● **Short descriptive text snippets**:
────────

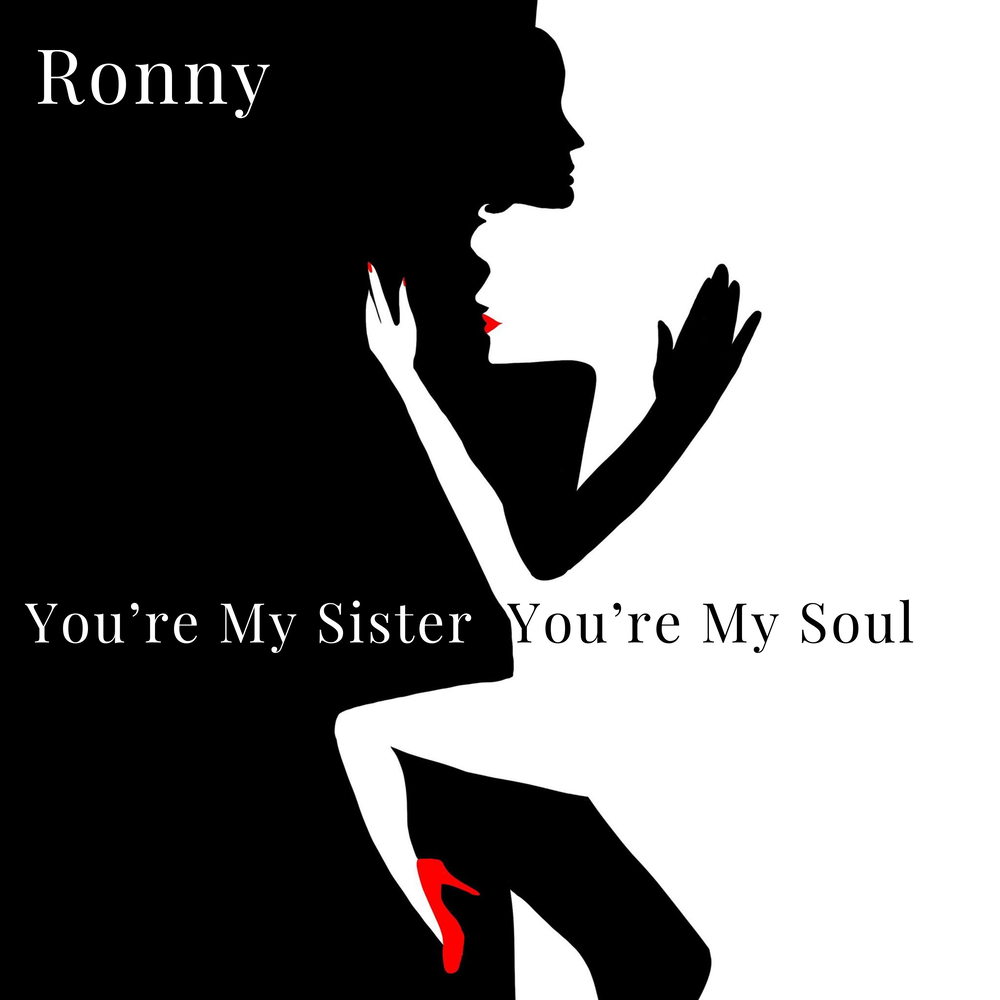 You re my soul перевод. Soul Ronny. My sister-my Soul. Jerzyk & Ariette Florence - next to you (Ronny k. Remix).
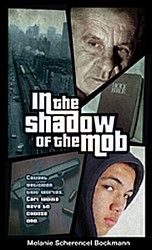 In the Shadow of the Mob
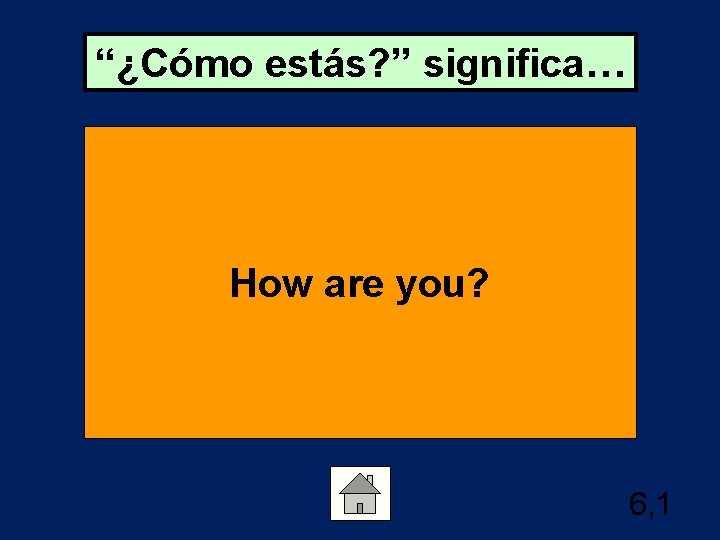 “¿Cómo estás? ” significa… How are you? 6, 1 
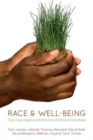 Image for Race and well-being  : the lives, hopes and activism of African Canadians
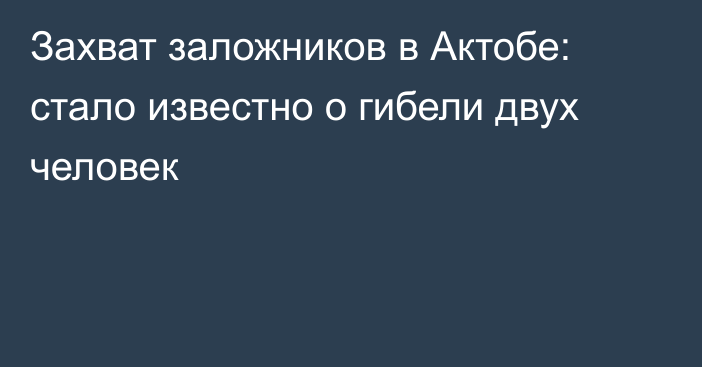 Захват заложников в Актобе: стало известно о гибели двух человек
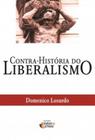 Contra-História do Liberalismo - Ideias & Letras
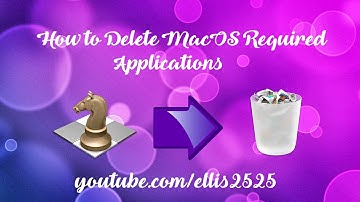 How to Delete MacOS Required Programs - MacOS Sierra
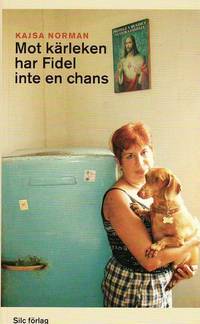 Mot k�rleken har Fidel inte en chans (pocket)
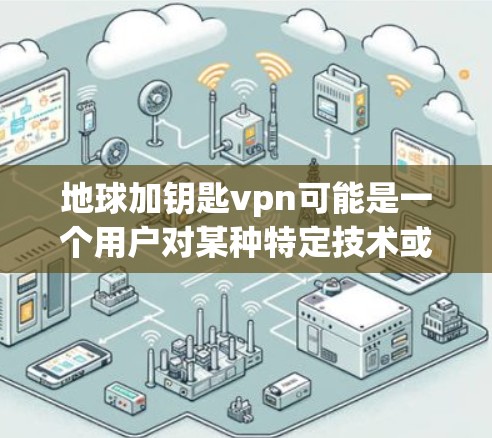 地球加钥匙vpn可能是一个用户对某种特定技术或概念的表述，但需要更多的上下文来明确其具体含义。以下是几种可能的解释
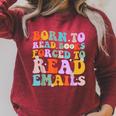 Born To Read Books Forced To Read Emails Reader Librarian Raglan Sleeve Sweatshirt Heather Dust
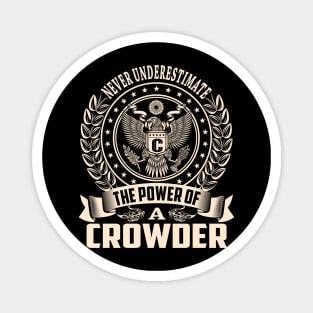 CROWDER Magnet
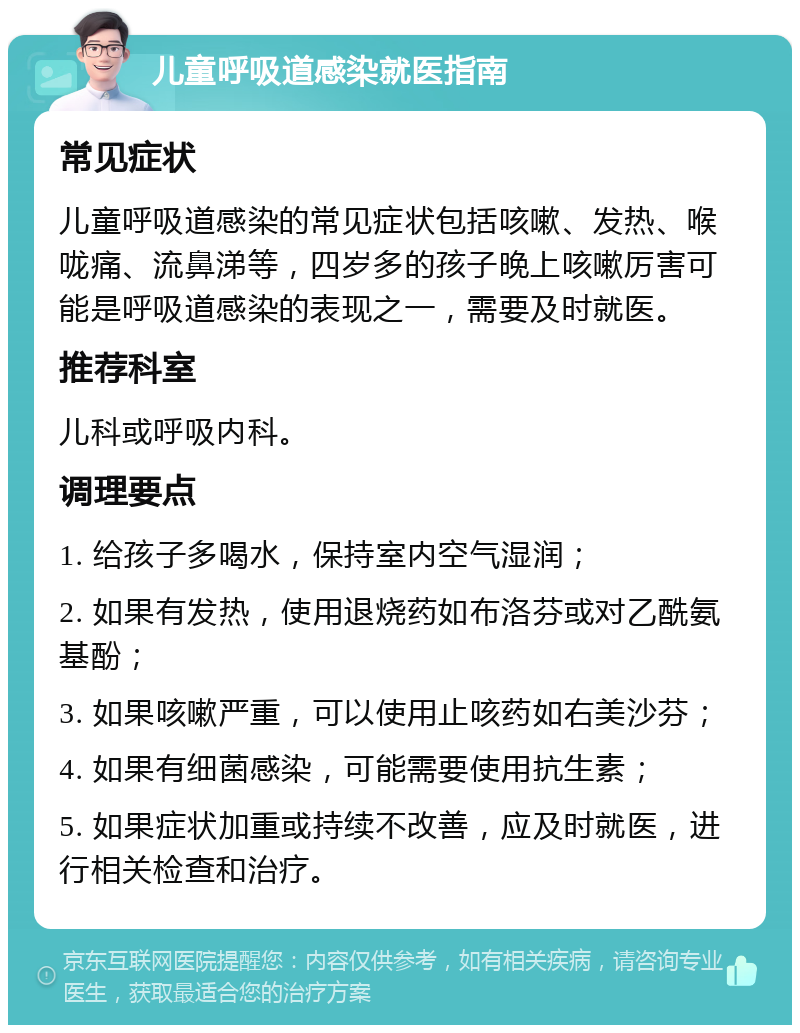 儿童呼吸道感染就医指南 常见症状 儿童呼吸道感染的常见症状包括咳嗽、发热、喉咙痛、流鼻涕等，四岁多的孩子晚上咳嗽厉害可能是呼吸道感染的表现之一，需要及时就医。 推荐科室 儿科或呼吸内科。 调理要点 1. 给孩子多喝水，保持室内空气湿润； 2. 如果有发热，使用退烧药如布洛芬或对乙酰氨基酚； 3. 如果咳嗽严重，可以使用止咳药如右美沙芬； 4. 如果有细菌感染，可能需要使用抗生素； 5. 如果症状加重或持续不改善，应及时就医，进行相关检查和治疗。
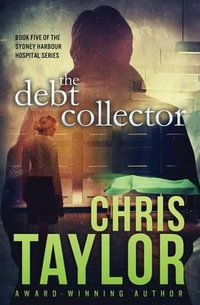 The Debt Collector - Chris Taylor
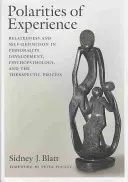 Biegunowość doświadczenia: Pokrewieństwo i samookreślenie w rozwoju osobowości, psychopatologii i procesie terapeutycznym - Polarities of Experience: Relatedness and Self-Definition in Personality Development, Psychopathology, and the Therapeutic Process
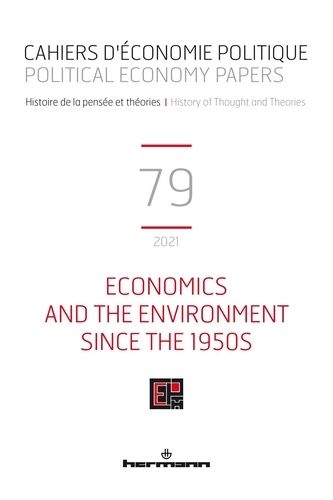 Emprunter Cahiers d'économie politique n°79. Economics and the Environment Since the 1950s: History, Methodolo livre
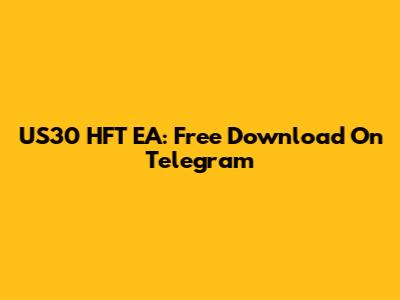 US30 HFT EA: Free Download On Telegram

────────

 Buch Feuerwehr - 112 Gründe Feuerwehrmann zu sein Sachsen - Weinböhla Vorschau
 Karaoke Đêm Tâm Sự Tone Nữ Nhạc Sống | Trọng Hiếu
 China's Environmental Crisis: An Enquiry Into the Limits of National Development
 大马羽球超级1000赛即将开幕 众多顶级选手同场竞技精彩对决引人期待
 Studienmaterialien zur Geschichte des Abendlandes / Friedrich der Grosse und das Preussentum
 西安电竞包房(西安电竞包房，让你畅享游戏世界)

────────

Would you copy, unchanged, the stretch of the records above that begins at the line containing "大马羽球超级1000赛即将开幕 众多顶级选手同场竞技精彩对决引人期待" and ends at the line containing "西安电竞包房(西安电竞包房，让你畅享游戏世界)", and only that?

 大马羽球超级1000赛即将开幕 众多顶级选手同场竞技精彩对决引人期待
 Studienmaterialien zur Geschichte des Abendlandes / Friedrich der Grosse und das Preussentum
 西安电竞包房(西安电竞包房，让你畅享游戏世界)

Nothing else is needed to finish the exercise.